CANS-MCI compared to full professional neuropsychological evaluations for MCI. 1,2
The research reported here (as
well as on our other webpages) was supported by the National Institute
on Aging, National Institute of Health (1R43AG1865801 and 2R44AG18658-02).
To determine the ability of the CANS-MCI as an accurate screen for mild cognitive impairment (MCI) in primary care offices we compared scores on the CANS-MCI with the results of a full, independent neuropsychological examination. We used logistic regression models to predict the dichotomous outcomes of MCI vs normal cognitive functioning (as determined by the neuropsychological exam). Because education and associated cognitive reserve can affect scores on measures of cognitive impairment(3,4) we separated our sample into individuals with a high school degree or less (N=26) and those with schooling beyond high school (N=57). Gender and age were included in the model. We ran receiver operating characteristic (ROC) analyses to calculate the sensitivity (the proportion of persons who have MCI that are defined as having MCI) and specificity (proportion of persons who have normal cognitive functioning that are defined as having normal functioning) of the CANS-MCI.
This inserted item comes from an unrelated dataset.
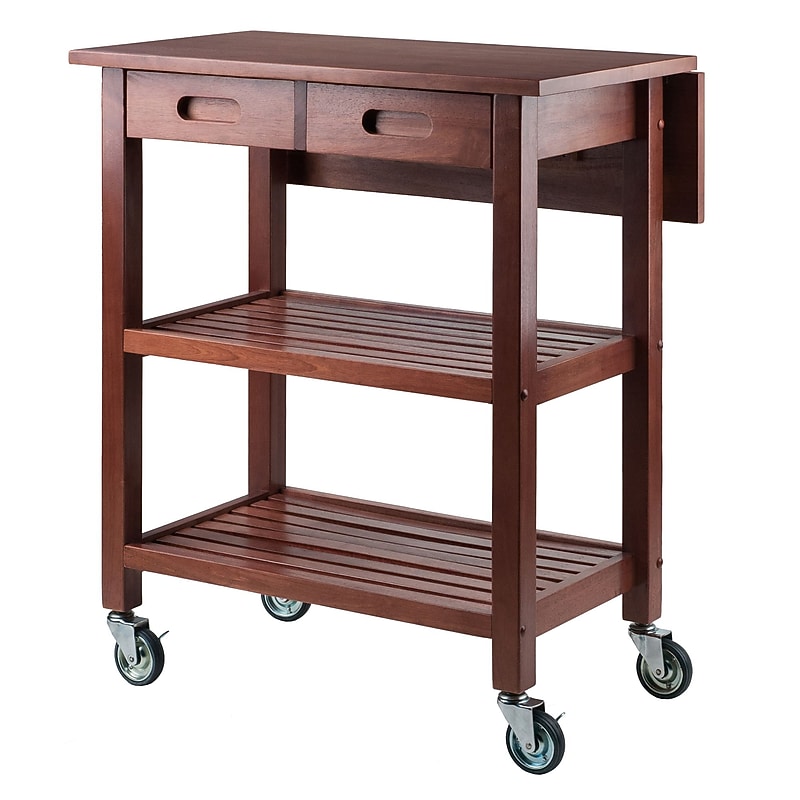 Winsome Jonathan 2-Shelf Wood Mobile Kitchen Cart with Lockable Wheels, Walnut (94734) image 1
The regression model statistics were very strong (see Table 1) indicating a good fit of the data to the model.(3,4) The CANS-MCI has extremely high levels of sensitivity and specificity (100%) in classifying those with an education up to a high school degree. The optimum sensitivity and specificity for those with 13+ years of education is lower (92%; 88%) but still excellent (see Table 2). These findings indicate the CANS-MCI can be a useful screening measure to determine if a person needs to be extensively assessed and monitored for cognitive impairments.
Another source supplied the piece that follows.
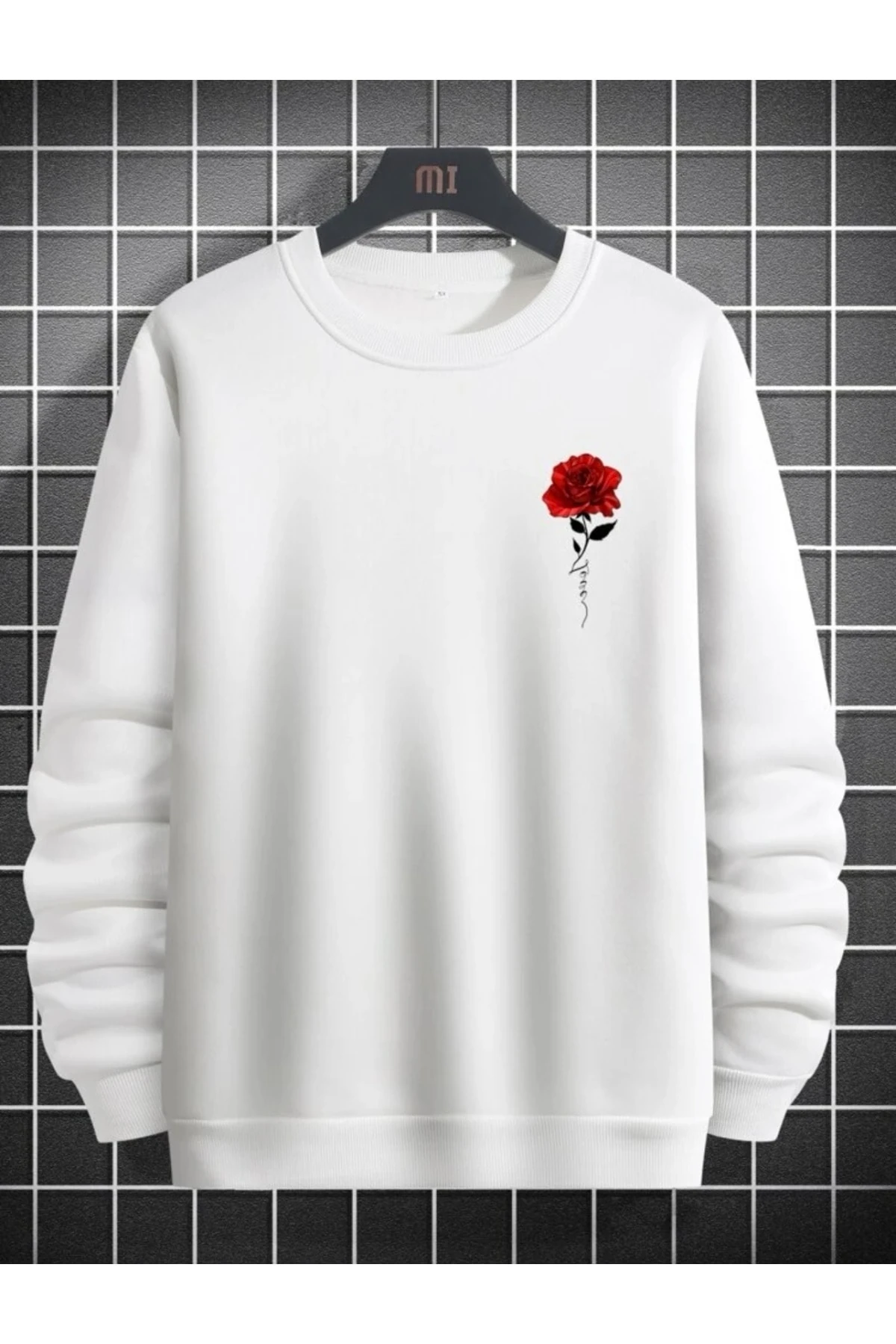 Oversize Unisex Rose Love Baskılı 3 Iplik Kalın %100 Pamuk Sweatshirt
Table 1: CANS-MCI Logistic Regression 1
Nagelkerke R2 Predicted Classification
Table 2: ROC Analyses 1
We performed the same analyses using factor scores on the 74 subjects who returned a year later. Despite small numbers of subjects to date, these data indicate that the overall probability that a full neuropsychological evaluation will indicate MCI can be effectively predicted.
The regression model statistics for the 1-year follow-up evaluations were strong but limited by small sample size. The algorithms correctly classified 85% of participants with a high school degree or less (Chi-square = 11.7; Nagelkerke pseudo-R2 =.63 ) and 80% of those with at least some college (Chi-square = 31.4; Nagelkerke pseudo-R2 =.59) indicating a good fit of the data to the model (Table 3). The CANS-MCI has good levels of sensitivity and specificity in classifying those with an education up to a high school degree. The optimum sensitivity and specificity for those with 13+ years of education is lower but still excellent.
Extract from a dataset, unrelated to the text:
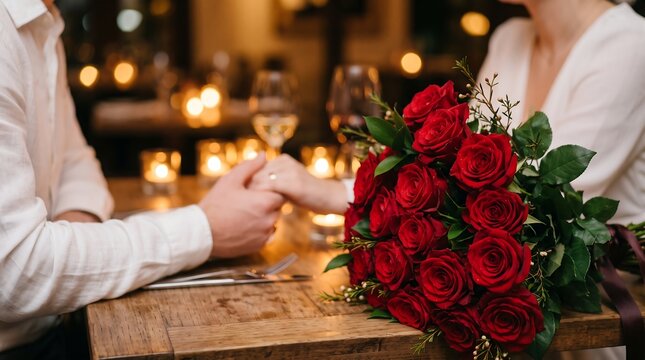 A romantic candlelight dinner featuring a couple holding hands beside a stunning bouquet of fresh red roses. Ideal for Valentine's Day, anniversaries, and romantic date concepts.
ROC curve analyses on the two educational levels revealed that cut-points lead to sensitivities/specificities of .93/.83 (<=12 yrs) and .84/.74 (13+ yrs). Areas under the curve were high (.917 for <= 12 yrs education and .888 for 13+ yrs) (Table 4).
Table 3: CANS-MCI Logistic Regression Analyses 2
Table 4: CANS-MCI ROC Curve Analyses 2
The results are impressive given that: 1) this study used a community sample with a lower incidence of MCI than the clinical samples often used; 2) the CANS-MCI screens for MCI which is much more difficult to detect than diagnosable AD (the standard used to validate many other tests); and 3) the CANS-MCI is meant to be used longitudinally, further increasing the sensitivity and specificity by comparing each person to his or her own previous performance. The CANS-MCI creates recommendations to primary care doctors concerning more extensive neuropsychological and/or imaging evaluations, even in those people who are still above average despite declines worthy of extra medical attention. As new treatments evolve (e.g Flurizan) that will stop but not reverse the progression of cognitive decline, the earliest possible identification of decline in primary care offices will become critical.1. Jane B. Tornatore, PhD, Emory Hill, PhD, Jo A. Laboff, MSW, Brian Fogel Preliminary Screening for Mild Cognitive Impairment (MCI): Using the CANS-MCI in Primary Care to Determine Need for Imaging.
9th International Conference on Alzheimer's Disease, Philadelphia, PA, July, 2004.
2. Jane B. Tornatore, PhD, Emory Hill, PhD, Jo A. Laboff, MSW, Brian Fogel One year Follow-Up Analyses of Scoring Algorithms for a Mild Cognitive Impairment (MCI) Screen: The CANS-MCI Study. Alzheimer's Association International Conference on Prevention of Dementia: Early Diagnosis and Intervention, Washington, D.C., June, 2005.
3. Gifford DR, Cummings JL. Evaluating dementia screening tests: Methodological standards to rate their performance. Neurology 1999;52:224-227.
4. Lorentz WI, Scanlan JM, Borson S. Brief screening tests for dementia. Canadian Journal of Psychiatry 2002;47(8):723-732.